2011 was one of the most eventful years of my life. I started it by living the high life in downtown Bangkok (literally, on a 15th floor apartment), and ended it sloshed on the dance-floor of Shepherds Bush Walkabout, an experience that has become uncomfortably familiar over the years.

In between, I’ve travelled to Cambodia, Malaysia and Singapore. I’ve moved house no less than FOUR times. And I’ve singlehandedly kept the coffee economy afloat – firstly via Gloria Jeans and now Cafe Nero. If there’s any life lesson I’m eager to take in to 2012, it’s that I’d be an utter dipshit to kiss goodbye to as much deposit money as I did last year; a grand total that ended up a few notes shy of £5500. FML.

Indeed, the moment where I’m asked to commit my signature to any dotted line is now met by a ferocious growl, followed swiftly by brooding silence.

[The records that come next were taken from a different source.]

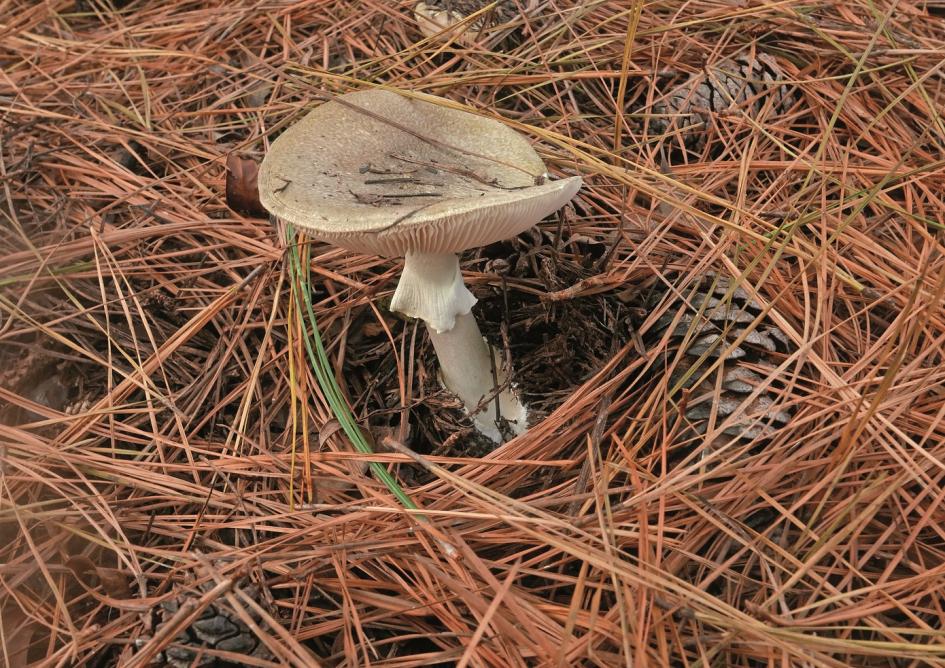 Punta del Diablo se prepara para una nueva edición del FungiWeekend con foco en naturaleza y gastronomía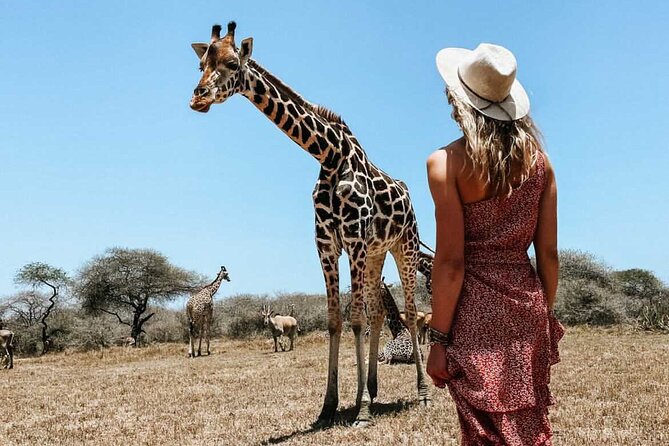 Nature Walk with Giraffes in Mombasa - Ostriches, antelopes, turtles, and more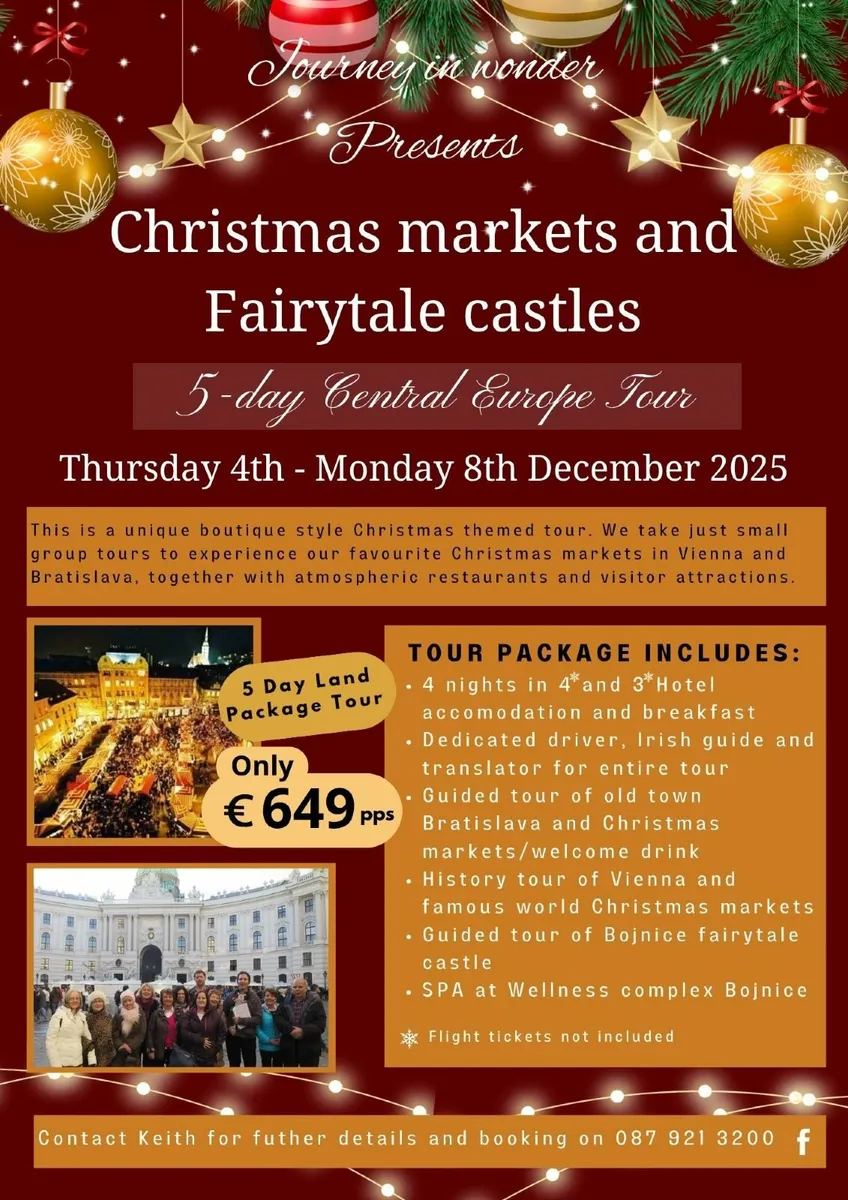 Christmas markets and Fairytale castles in Europe. - Image 1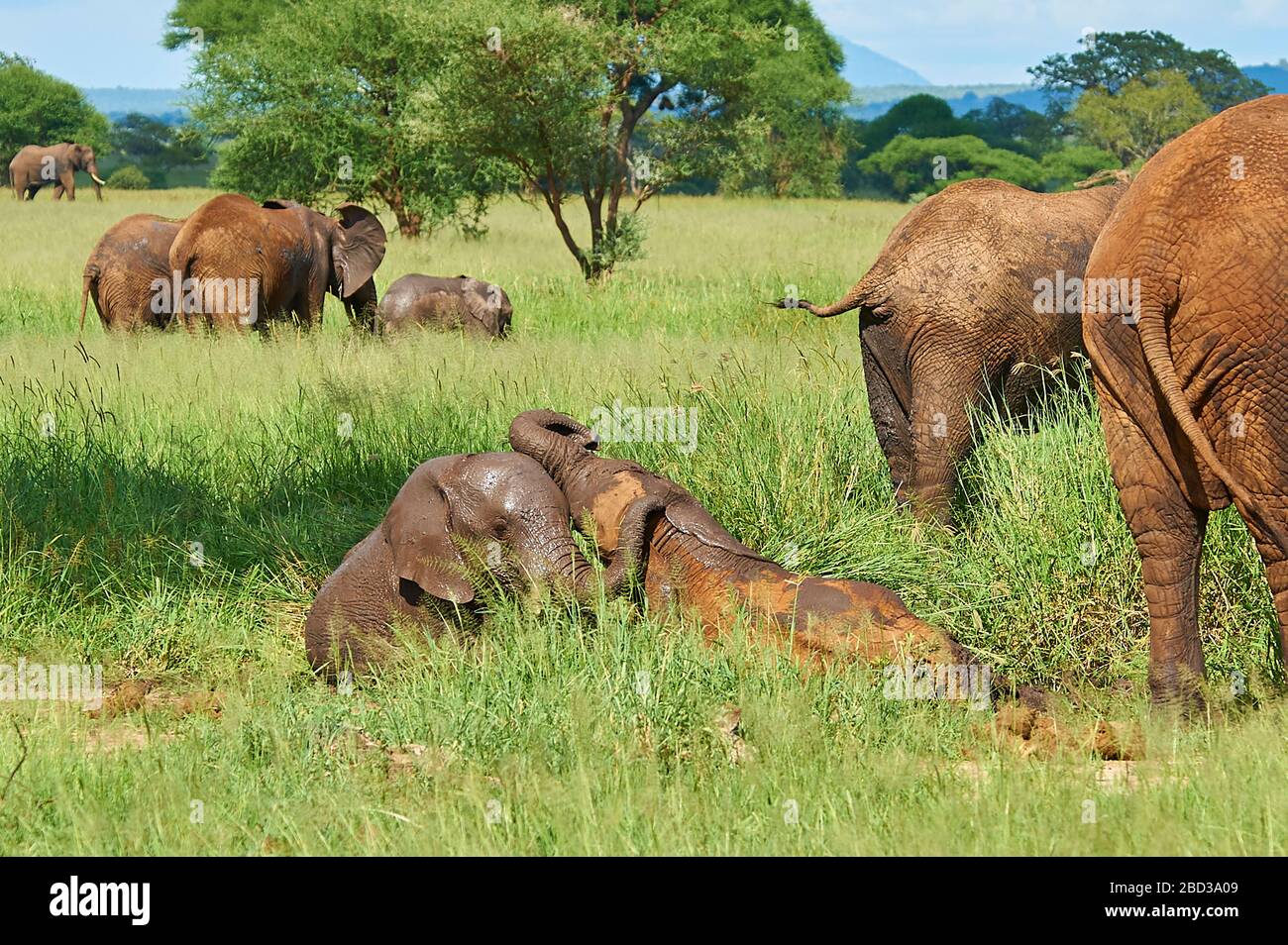 Young elephant calf wrestling and playing in high spirits Stock Photo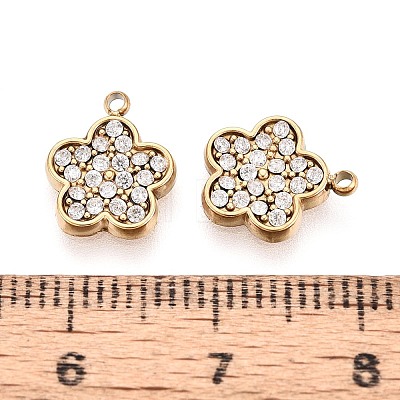 304 Stainless Steel Micro Pave Cubic Zirconia Charms STAS-N115-50G-1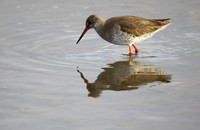 Redshank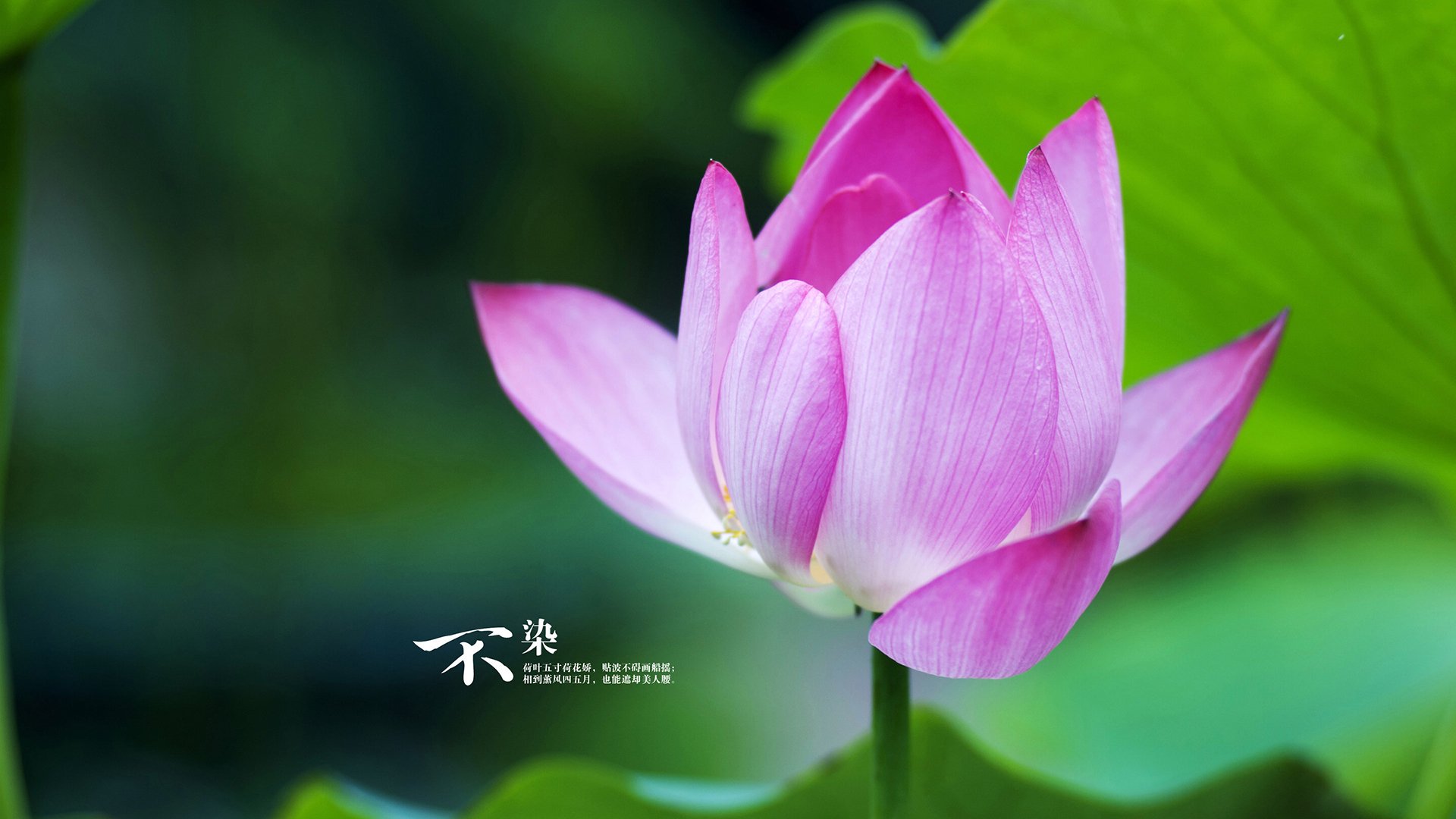 科特迪瓦男篮在非洲锦标赛中扬眉吐气,体育实力持续增强,非洲国家科特迪瓦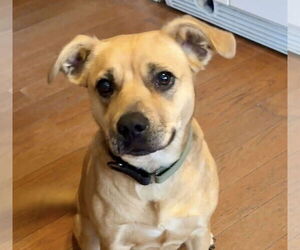 Medium Photo #6 Mutt Puppy For Sale in pomfret, CT, USA
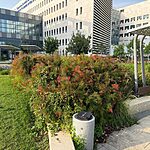 באירלנד מחקו את שמו של הרצוג – זה הפארק שיקרא על שמו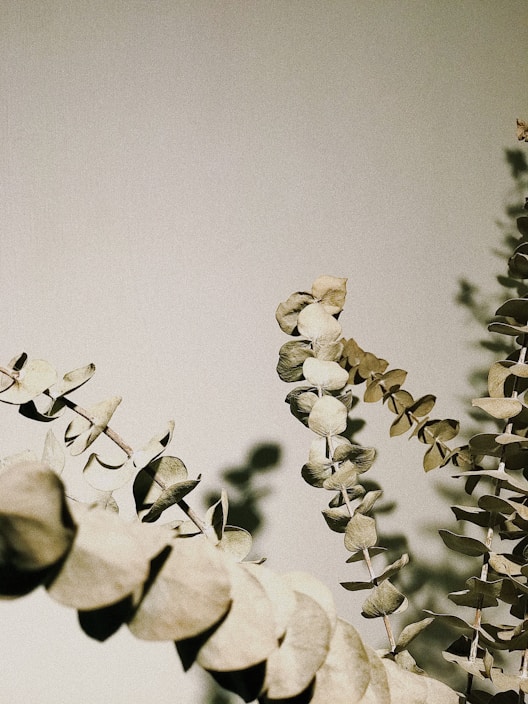 Eucalyptus branches with dried leaves are arranged diagonally against a muted, beige background. The leaves cast delicate shadows, creating a calm, natural aesthetic.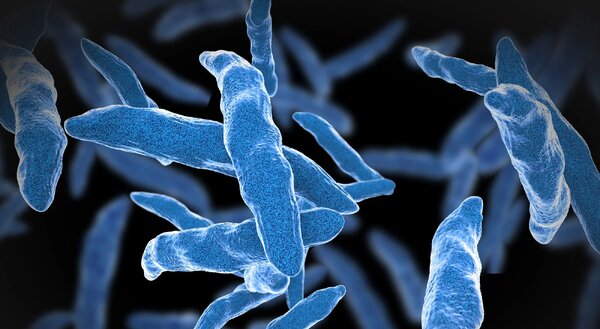 The Tuberculosis Pandemic – A Call to Action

The kind where you could be forgiven for anticipating that I’m about to eat said contract.

My new home is the Greater London suburbs. Greater London by name, Greater London most certainly not by nature. My stress levels have tapered off significantly since finding a semi-permanent home. But that’s not to hide the fact that the closest I get to an adrenaline rush is when an elderly neighbour trundles in to a pile of dog shit outside my driveway. Such is the pace of living in ‘Greater London’…

I think the most excited we’ve ever been was when we thought we found Hitler on a bus.

Hitler on a bus

Alas, moving house has proven, without doubt, that one of life’s greatest miseries is the struggle of relocation. If I have to accept one more flat pack from a courier, I’ll be greeting the merciless prick with my very best “Here’s Johnny…” impression. That and obviously, the point blank refusal to “sign fer it, mate“.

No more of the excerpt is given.